After the tears fell, Will Fuller became in awe of the names.

From Andre Johnson to DeAndre Hopkins and Philadelph­ia-made Jaelen Strong.

Brock Osweiler, Lamar Miller and the Texans’ suddenly state-of-the-art offense, which now has the No. 21 overall pick of the 2016 NFL draft added to its young, athletic, highly intriguing core.

And this is what a Philly kid who’s faster than almost every other football player on the planet says when the power of the truth finally hits him.

That he can be a part of this. That his father’s getting up at 4 a.m. every darn day to inspire a family will soon pay off in a way Fuller’s sisters and brothers once could have never imagined. That all the people who always told him just how special he was — Fuller never listened; he had to feel the real burn himself — were actually right.

He’s a first-round pick. He’s in the NFL. He’s a Texan.

“It’s crazy,” Fuller said. “It’s a surreal feeling.”

It was a slow rise to a ridiculous 4.28 seconds in the 40-yard dash.

Before he was the 6-1, 172-pounder out of prestigiou­s Notre Dame whom Texans general manager Rick Smith had to trade up to take, Fuller was invisible on the field and even harder to find off it.
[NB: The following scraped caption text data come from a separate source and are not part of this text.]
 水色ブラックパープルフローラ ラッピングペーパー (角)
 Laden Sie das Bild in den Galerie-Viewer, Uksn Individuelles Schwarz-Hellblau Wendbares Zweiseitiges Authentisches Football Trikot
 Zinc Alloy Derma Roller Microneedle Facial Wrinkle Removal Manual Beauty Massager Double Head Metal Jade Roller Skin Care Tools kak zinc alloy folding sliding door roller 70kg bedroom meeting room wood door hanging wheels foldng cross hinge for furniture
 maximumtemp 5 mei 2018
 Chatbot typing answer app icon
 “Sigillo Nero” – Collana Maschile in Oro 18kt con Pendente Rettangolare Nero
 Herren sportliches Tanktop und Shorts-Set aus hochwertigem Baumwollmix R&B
And before coach Bill O’Brien rediscover­ed the so-fast-you-can’t-believe-it wide receiver he once lost at Penn State, Fuller first had to convince himself he really was worth the football world’s time.

Working-class family

Philadelph­ia. Working class. They’re forever linked.

Strong, the Texans’ 2015 third-round pick, lived the true life. Fuller also knows it too well.

Unlike Strong, Fuller always had his father and never fell into the wrong side of the world. But Fuller saw the real world up close every day as a child.

He’s the V in his family’s male line. The IV, William Fuller, started daily constructi­on work before the sun started to rise. After Fuller’s father clocked in, his mother, Megan Mitchell, soon did the same as a bookkeeper. And while Fuller insists he always had food on the table and never walked in darkness, he rose from a working-class family that never stopped defining the term.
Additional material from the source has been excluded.